Gli aromi delle sigarette elettroniche possono comportare dei danni a carico dell’apparato cardio-circolatorio e, in particolare, possono determinare una disfunzione endoteliale.  È quanto emerso da uno studio condotto dai ricercatori della Boston University School of Medicine (BUSM) e pubblicato su Arteriosclerosis, Thrombosis, and Vascular Biology.

Gli studiosi hanno valutato gli effetti a breve termine di nove aromi addizionati ai prodotti del tabacco, a carico delle cellule endoteliali, ovvero quelle che rivestono i vasi sanguigni.

Le cellule endoteliali dei partecipanti alla ricerca che utilizzavano sigarette addizionate o meno con mentolo, mostravano una ridotta produzione di nitrossido rispetto alle cellule endoteliali dei non fumatori. I ricercatori americani hanno quindi cimentato delle cellule endoteliali isolate da non fumatori con mentolo o eugenolo; questo riduceva la produzione di nitrossido.
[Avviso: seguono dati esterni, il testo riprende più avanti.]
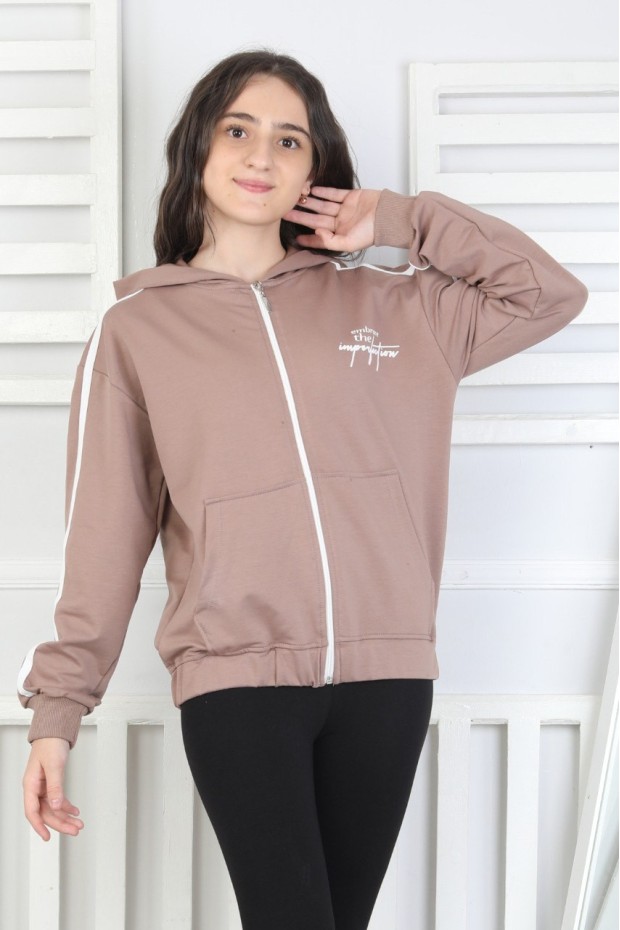 Kapüşonlu Fermuarlı Baskılı Kız Çocuk Sweatshirt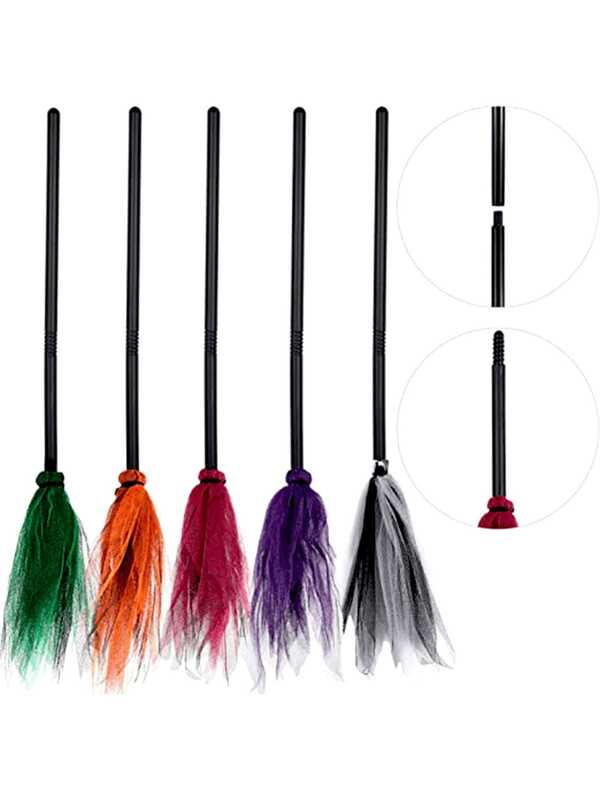 Halloween Detachable Broom Decor Prop, Witch Costume Party Makeup Masquerade Cosplay Accessory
Per valutare ulteriormente gli effetti degli aromi sul fenotipo delle cellule endoteliali, sono state utilizzate delle cellule endoteliali di aorta umana, incubandole con vanillina, mentolo, cinnamaldeide, eugenolo, dimetilpirazina, diacetile, acetato di isoamil, eucaliptolo e acetil pirazina per 90 minuti. Sono stati poi  misurati il numero di cellule morte, la produzione di ROS (radicali liberi), l’espressione di interleuchina-6 (marcatore proinfiammatorio) e la produzione di ossido nitrico. È così emerso che la produzione di ROS e la morte cellulare veniva indotta soltanto da elevate concentrazioni delle sostanze aromatizzanti. Tuttavia, a dosaggi più bassi, gli aromi inducevano infiammazione e una ridotta produzione di ossido nitrico, consistenti con uno stato di disfunzione endoteliale.
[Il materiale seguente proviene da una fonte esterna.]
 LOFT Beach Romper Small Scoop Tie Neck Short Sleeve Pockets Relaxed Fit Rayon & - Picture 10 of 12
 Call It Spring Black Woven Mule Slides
In conclusione, l’esposizione dei vasi agli additivi aromatizzanti riduce il rilascio delle sostanze chimiche (il nitrossido) normalmente rilasciate per favorire il flusso sanguigno e aumenta gli indici di infiammazione. In entrambi i casi si tratta di indicatori di tossicità a breve termine.

“Questi risultati – ha spiegato Jessica Fetterman, professore associato di medicina presso la BUSM –  dimostrano che gli additivi aromatizzanti hanno un’azione tossica diretta sui vasi sanguigni ed effetti indesiderati che potrebbero avere, sul lungo periodo, una rilevanza in termini di tossicità cardiovascolare, simile a quella delle sigarette tradizionali”.

A puntare il dito contro gli aromi delle sigarette elettroniche è anche un documento di undici ricercatori europei pubblicato sull’European Respiratory Journal, in cui si chiede la messa al bando degli aromi. “Assieme al design del prodotto e alle politiche di marketing hanno contribuito ad accrescere l’interesse dei più giovani nei confronti delle sigarette elettroniche e a determinare di conseguenza una normalizzazione del loro impiego”. Ciò, secondo gli esperti, “rischia di immettere nella società una nuova generazione di dipendenti dalla nicotina”.

In Italia si contano oltre 1,3 milioni utilizzatori di sigarette elettroniche. La maggior parte di essi la affianca a quella tradizionale. Solo un utilizzatore su dieci ha smesso di fumatore. Allo stato attuale, pertanto, non ci sono le condizioni per affermare che la sigaretta elettronica possa essere di supporto nell’azione mirata ad allontanare una persona dal fumo.